Amongst the professoriate of the land diversity is supposedly a desirable value. Well, certainly a law school that teaches the law based on Christian values adds to the diversity of the nation's law programs.


Those who preach diversity don't think like this. They think each institution has to have an identical cross-array of diversity. They don't understand taht diversity needs to exist at a macro level as well as the micro to have any positive effect.
7.25.2008 5:08pm
PatHMV (mail) (www):
Having lightly followed the situation previously, I was unimpressed by Tyrell's article. Summed up, he said: "I have no idea what the issues raised by the dissenting faculty are, but my friends Judge Bork and Justice Scalia think highly of the school and its patron the pizza magnate. Because they like the place, I assume the dissenting faculty are whiny-babies of the same sort generally infesting academia today, hell-bent on teaching moral relativism to all."

I know nothing more about the controversy now, other than the bare fact that the ABA has dismissed the claims made by the dissenting faculty, than I did before. This article is an example of what is wrong with too many leaders of conservative thinking today: they react not as thinkers but as partisans and politicians. Here, the dissenting faculty attacked a group of people that Tyrell liked and supported, so he denounces them without bothering to look at or analyze any of their claims.

As I recall, the dissenting faculty were hardly moral relativists and took jobs at the school precisely because they wanted to approach the law as having a firm basis in morality. I don't purport to be able to judge whether the dissenting faculty were right at all, a little bit, or in all particulars. But I do recall that they made significant, serious arguments. Nobody is served by a pedantic, partisan dismissal such as that provided by Tyrell. If he (and the administrators of Ave Maria) are in the right, then there should be no difficulty dismissing the faculty's arguments by addressing those arguments themselves. A superficial, ad hominem attack like this suggests that Tyrell and other supporters of the Ave Maria administration are not capable of attacking the merits of the claims made by the dissenting faculty.
7.25.2008 5:17pm
Clayton E. Cramer (mail) (www):
"many leaders of conservative thinking today"

I thought the article was R. Emmett Tyrell. I wasn't aware that he qualified for that category.
7.25.2008 5:22pm
bikeguy (mail):

This article is an example of what is wrong with too many leaders of conservative thinking today: they react not as thinkers but as partisans and politicians.
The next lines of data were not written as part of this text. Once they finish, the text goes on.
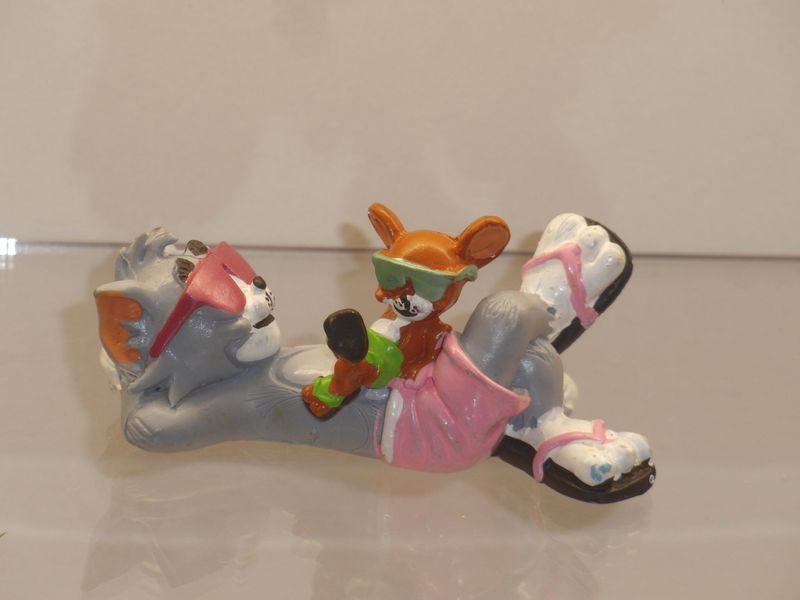 Tom & Jerry: Comics Spain 1989: Tom & Jerry liegend Tom & Jerry: Comics Spain 1989: Tom & Jerry liegend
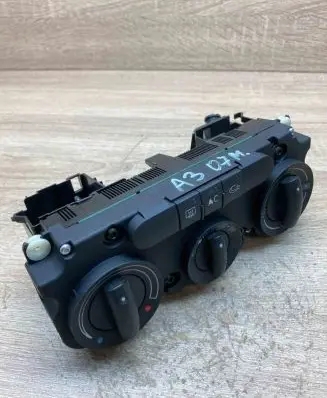 Audi A3 S3 8P Climate control unit 3C2820045A 5HB00932827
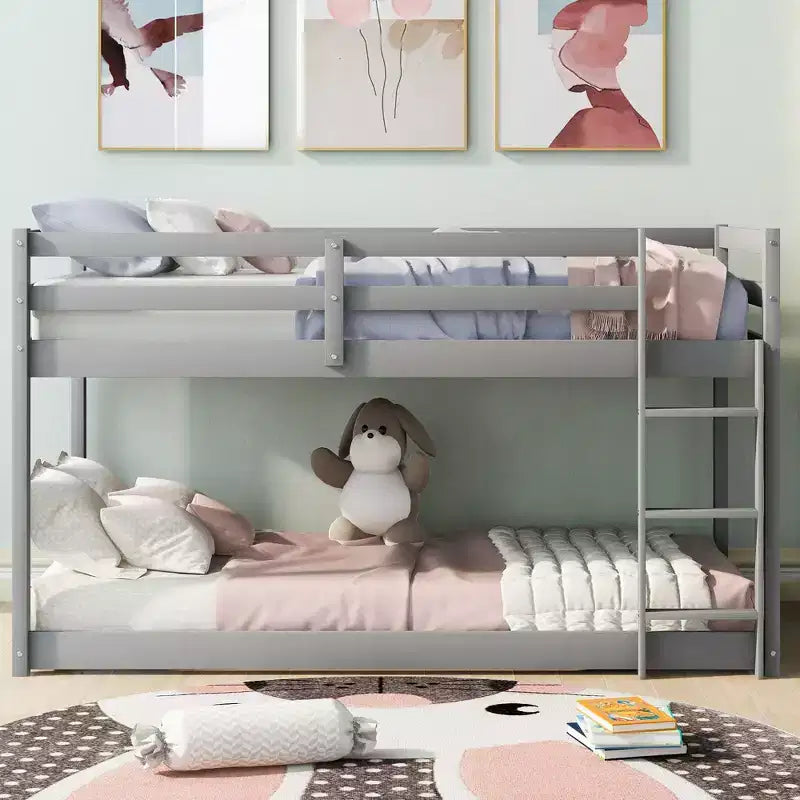 Letto a Castello a Pavimento per Bambini (2 Posti Letto Singoli) Grigio/Bianco con Scaletta e Sponda, Adatto a 2 Bambini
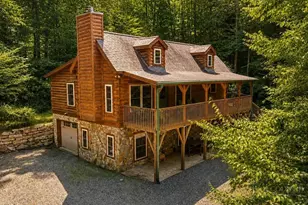 689 Sugar Mountain Dr, Sugar Mountain, NC 28604 - Photo 1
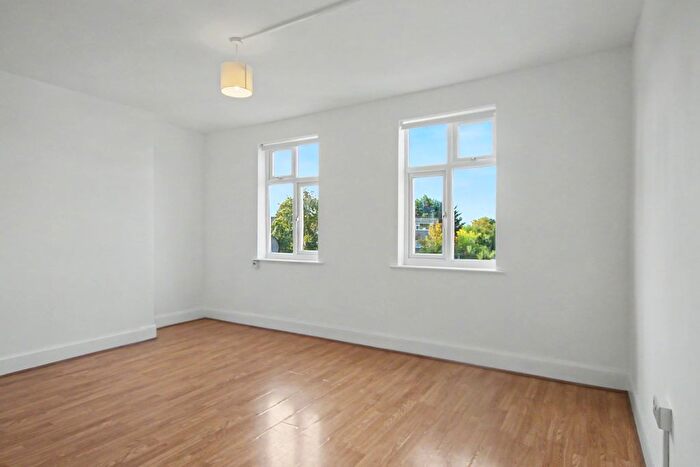 2 Bedroom Flat To Rent In Kingsbury Road, (), Kingsbury, NW9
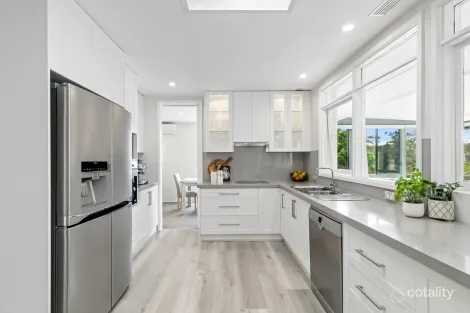 Property photo of 34 Ambleside Street Wheeler Heights NSW 2097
Yep, leaders of liberal thinking don't react this way. Witness this very quote, for example.
7.25.2008 5:25pm
Snarky:

Yep, leaders of liberal thinking don't react this way. Witness this very quote, for example.


Yes, to point out that someone is making an ad hominen argument is itself an ad hominen argument.

Therefore, ad hominen arguments must be good, because we can't help but make them.
7.25.2008 5:36pm
Snarky:

Yep, leaders of liberal thinking don't react this way. Witness this very quote, for example.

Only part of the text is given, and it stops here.